=== Dataset items ===
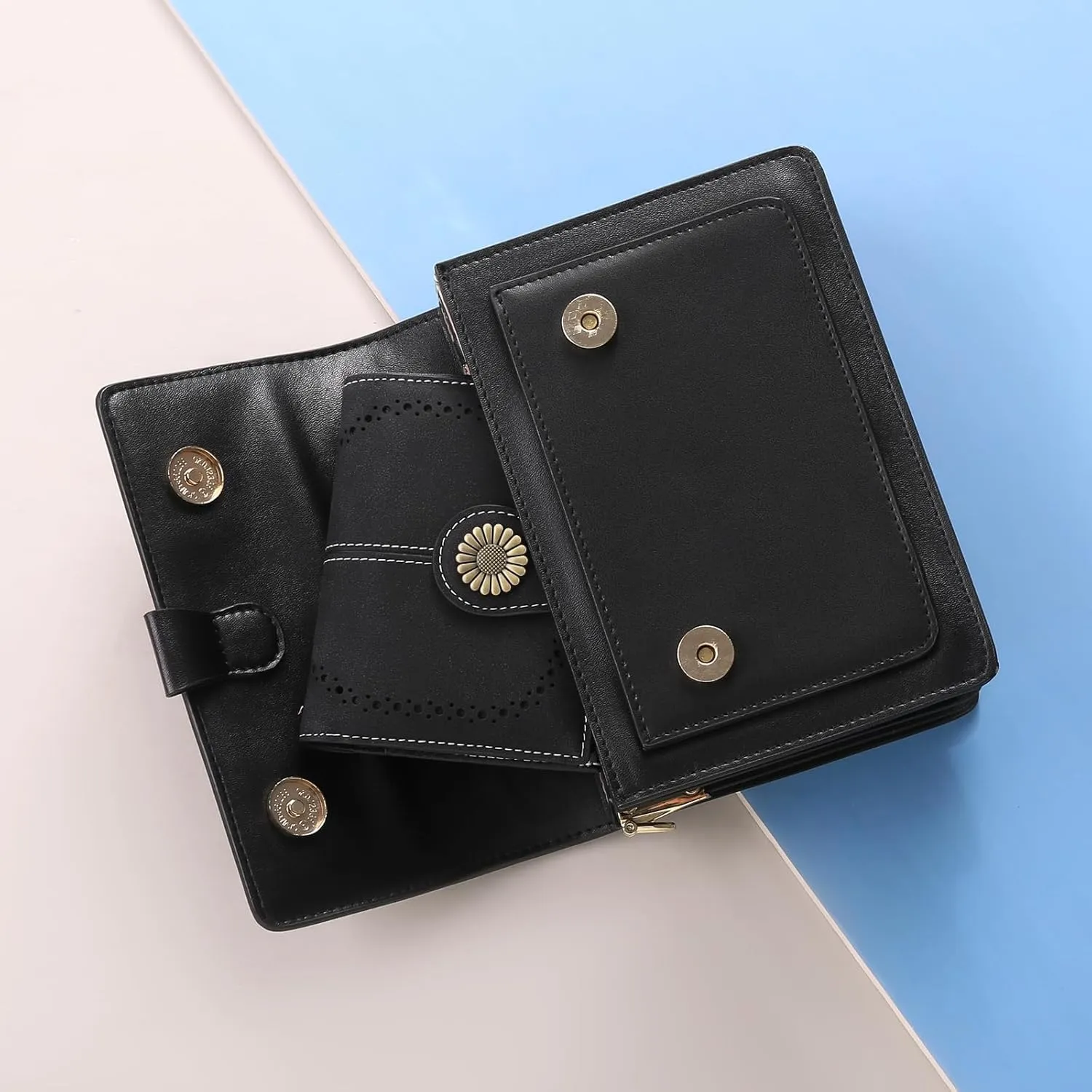 SENDEFN Small Wallets for Woman RFID Blocking Leather Bifold Credit Card Holder Purse with ID Window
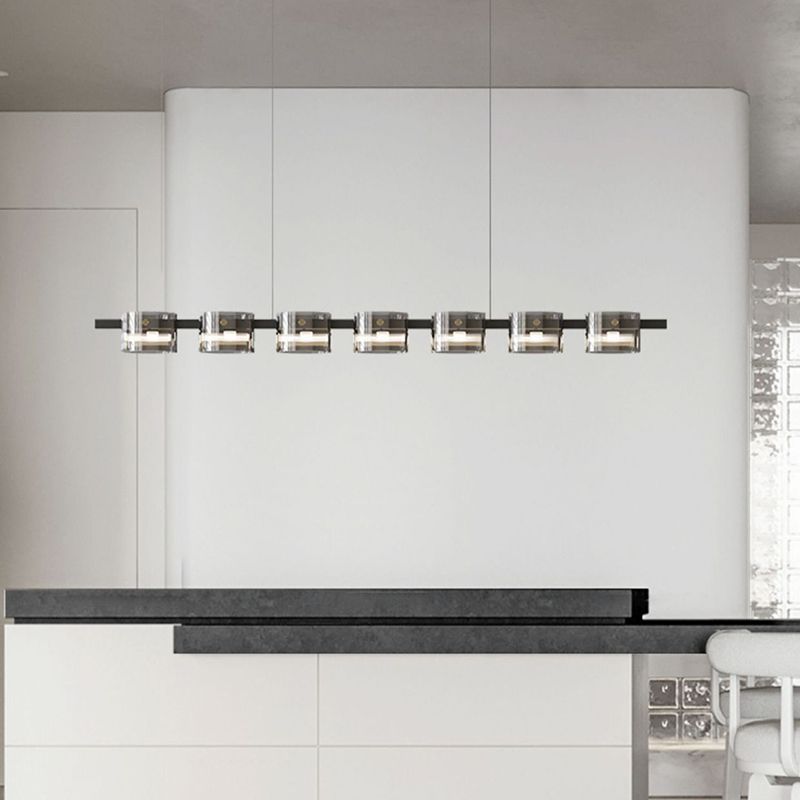 Modern Simple Hanging Island Light Glass LED Hanging Lighting Fixture for Sitting Room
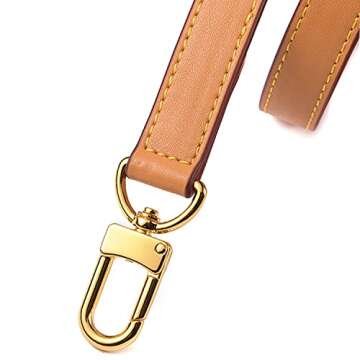 BEUDW Vachetta Leather Adjustable Crossbody Strap for Leather Shoulder Strap Belt Replacement Suitable for L V Handbags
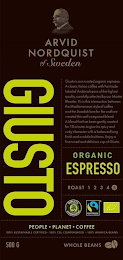 ARVID NORDQUIST OF SWEDEN GIUSTO ORGANIC ESPRESSO logo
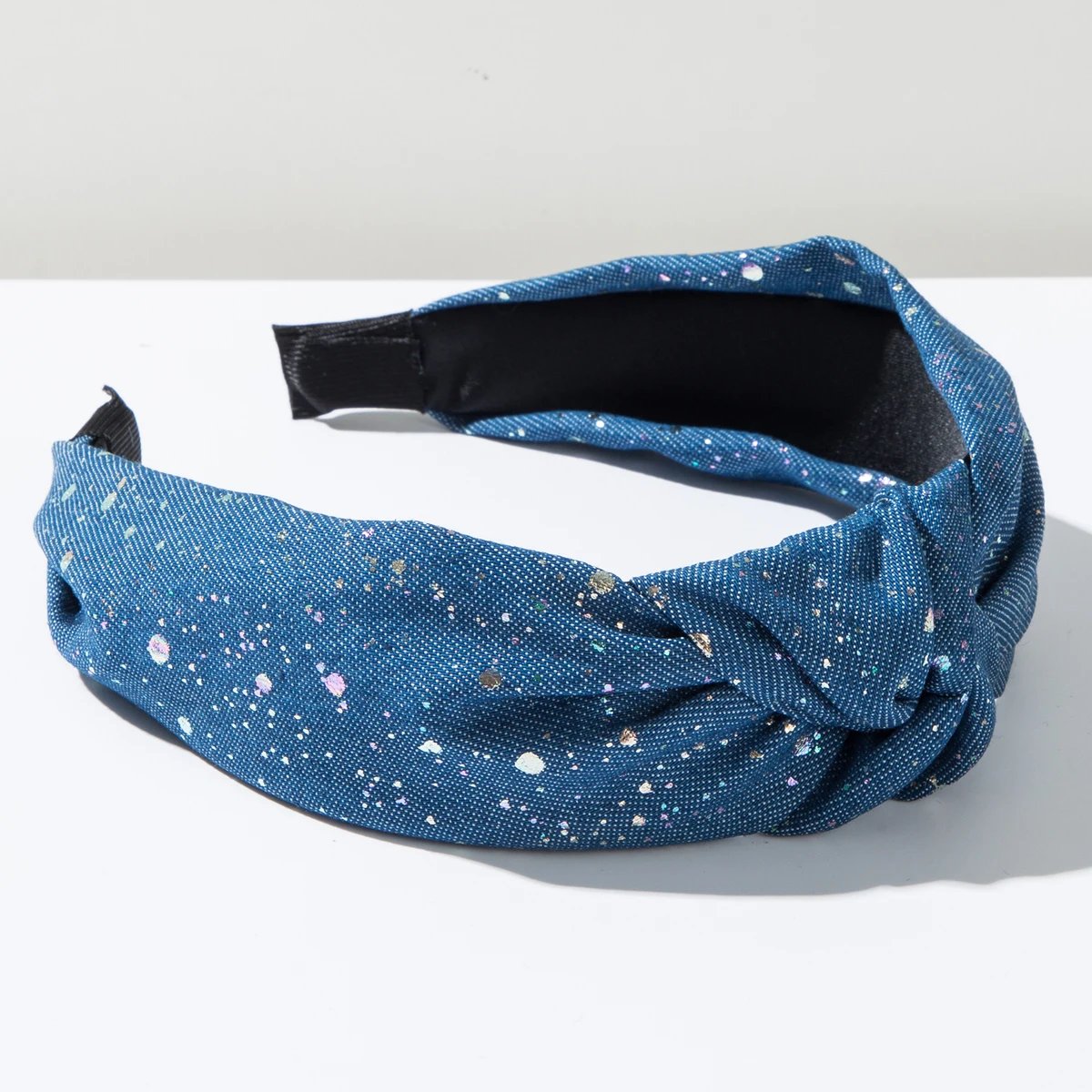 Fashionable New Denim Fabric Headband Creative Polka Dot Wide eEdge Knot High Skull Top Go Out Hundred Fold Headband For Women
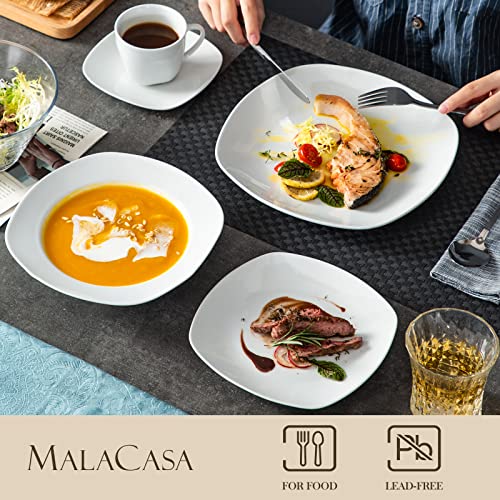 ELISA 30-Piece Porcelain Dinnerware Set for 6 - Grey & White, Chip & Scratch Resistant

=== WHAT THE TASK ASKS ===
The data should be printed again unchanged; leave its pictures out.

=== WRITTEN RESPONSE ===
 SENDEFN Small Wallets for Woman RFID Blocking Leather Bifold Credit Card Holder Purse with ID Window
 Modern Simple Hanging Island Light Glass LED Hanging Lighting Fixture for Sitting Room
 BEUDW Vachetta Leather Adjustable Crossbody Strap for Leather Shoulder Strap Belt Replacement Suitable for L V Handbags
 ARVID NORDQUIST OF SWEDEN GIUSTO ORGANIC ESPRESSO logo
 Fashionable New Denim Fabric Headband Creative Polka Dot Wide eEdge Knot High Skull Top Go Out Hundred Fold Headband For Women
 ELISA 30-Piece Porcelain Dinnerware Set for 6 - Grey & White, Chip & Scratch Resistant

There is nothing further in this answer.